I’m never quite sure about camellias. On the one hand, when they look like this, they’re fabulous.
But they all too often look like this.
This is classic frost damage: something to which camellias, or some varieties at least, are particularly prone. You don’t need much: this one is in what I call the chicken garden I look after just down the road from me in south Somerset, where we have only very mild frosts – in fact I didn’t even notice the one that caused this damage.

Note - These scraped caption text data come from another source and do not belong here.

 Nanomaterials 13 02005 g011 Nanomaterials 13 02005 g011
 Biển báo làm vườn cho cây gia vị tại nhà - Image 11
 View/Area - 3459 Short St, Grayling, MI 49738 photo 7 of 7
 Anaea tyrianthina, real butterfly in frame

It ruins the display completely: not just browning the petals but throwing them to the floor like a lot of used tissue papers. The odd thing is that another pink variety next door, with larger flowers, came through all but unscathed. So it’s clearly something to which some types are more prone than others.

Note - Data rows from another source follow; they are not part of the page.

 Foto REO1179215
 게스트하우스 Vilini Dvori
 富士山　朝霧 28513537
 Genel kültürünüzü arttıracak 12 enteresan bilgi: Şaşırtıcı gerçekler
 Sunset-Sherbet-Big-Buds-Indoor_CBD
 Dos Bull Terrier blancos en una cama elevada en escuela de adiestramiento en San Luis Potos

This one came with the garden so nobody quite knows what kind it is. Shame, or I would have been able to warn everyone off it. It’s small-flowered and a rather saccharine shade of pink: not my favourite.
As you’ve no doubt gathered by now, this is a plant I find hard to love. But nonetheless I have been assiduously dead-heading the worst offenders and take off a bucketful of browning pink petals every time I visit, in a (largely vain) attempt to keep it looking moderately acceptable for a day or two at least. I shall be roundly glad when it’s finally finished.
I am very gently trying to persuade the owner that its display is so liable to tarnish and never quite look what it should that it should become an ex-camellia in fairly short order. She’s quite in favour of a quick and humane end to the misery but I’m not so sure her mother is. Oh dear: I fear we’re stuck with damp brown used tissues for some time to come.
I’m not a Camellia fan. To me, they are a bit ‘over-the-top’. However, I recently walked through a Camellia avenue and was really struck with them planted that way (at Kingston Lacy in Dorset). I even liked them there when they went brown ( http://tinyurl.com/oxx7pou ). Perhaps they only ‘fit’ in very large gardens; a bit like rhododendrons.
Hi Lucy, a camellia avenue – now that sounds like a lovely way to plant them. I live not that far from Kingston Lacey so must drop in to take a look (love the pic on your blog btw :D)
This garden is quite a large garden – 6.5 acres altogether, though only about an acre of that is gardened – so perhaps it’s to do with numbers of camellia plants. This plant is just one feature plant, but perhaps if we went totally the other way and planted a shed-load all in the same place we wouldn’t notice (or mind) the brown bits quite so much!